Software supply chain security firm Rezilion has recently conducted an investigation into the security vulnerabilities of the most popular generative artificial intelligence (AI) projects on GitHub. The research has revealed that as these projects gain popularity and become more recent, their security measures become increasingly immature. Rezilion utilized the Open Source Security Foundation (OpenSSF) Scorecard to assess the security state of the open-source ecosystem for large language models (LLMs), drawing attention to the significant gaps in security practices and potential risks associated with many LLM-based projects. The research findings, titled “Expl[AI]ning the Risk report,” were authored by Yotam Perkal and Katya Donchenko and have been made available to the public.
Generative AI technology, which is based on LLMs, has experienced a rapid rise in popularity, enabling machines to generate realistic human-like text, images, and even code. Consequently, the number of open-source projects incorporating these technologies has grown exponentially. For instance, there are currently over 30,000 open-source projects on GitHub that utilize the GPT-3.5 family of LLMs, despite the fact that OpenAI’s ChatGPT was only introduced to the public seven months ago.
Despite their increasing demand, generative AI and LLM technologies bring about security concerns, which range from the potential risks associated with sharing sensitive business information with advanced self-learning algorithms, to malicious actors exploiting these technologies to bolster their attacks. In fact, the Open Worldwide Application Security Project (OWASP) recently released a list of the top 10 most critical vulnerabilities typically observed in LLM applications. This list emphasizes the potential impact, ease of exploitation, and prevalence of these vulnerabilities. Examples of vulnerabilities identified include prompt injections, data leakage, inadequate sandboxing, and unauthorized code execution.
To assess the security of open-source projects and aid in their improvement, the OpenSSF has developed the OpenSSF Scorecard. This tool utilizes various metrics, such as the number of vulnerabilities, frequency of maintenance, and presence of binary files, to evaluate the security of a given repository. By conducting an assessment with Scorecard, different aspects of the software supply chain are examined, including source code, build dependencies, testing, and project maintenance.
The primary goal of these checks is to ensure adherence to security best practices and industry standards. Each check is associated with a risk level, indicating the estimated risk incurred by not following a particular best practice. The scores for individual checks are then combined into an aggregate score, providing an overall evaluation of the project’s security posture.
At present, the OpenSSF Scorecard consists of 18 checks categorized into three themes: holistic security practices, source code risk assessment, and build process risk assessment. Each check is assigned an ordinal scale from 0 to 10, as well as a risk level score. A project with a score nearing 10 signifies a highly secure and well-maintained posture, while a score approaching 0 highlights a weak security posture, inadequate maintenance, and increased susceptibility to open-source risks.

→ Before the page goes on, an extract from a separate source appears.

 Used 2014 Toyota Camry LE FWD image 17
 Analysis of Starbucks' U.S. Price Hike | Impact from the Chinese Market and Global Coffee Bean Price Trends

The Rezilion researchers’ investigation has shed light on the security vulnerabilities associated with popular generative AI projects. The findings emphasize the importance of implementing robust security practices and adhering to industry standards to mitigate potential risks. As generative AI technology continues to evolve, it is crucial for developers and researchers to prioritize security measures to safeguard against malicious exploitation and protect sensitive information. Additionally, the OpenSSF Scorecard presents a valuable tool for evaluating and enhancing the security posture of open-source projects, contributing to the overall maturity of the generative AI ecosystem.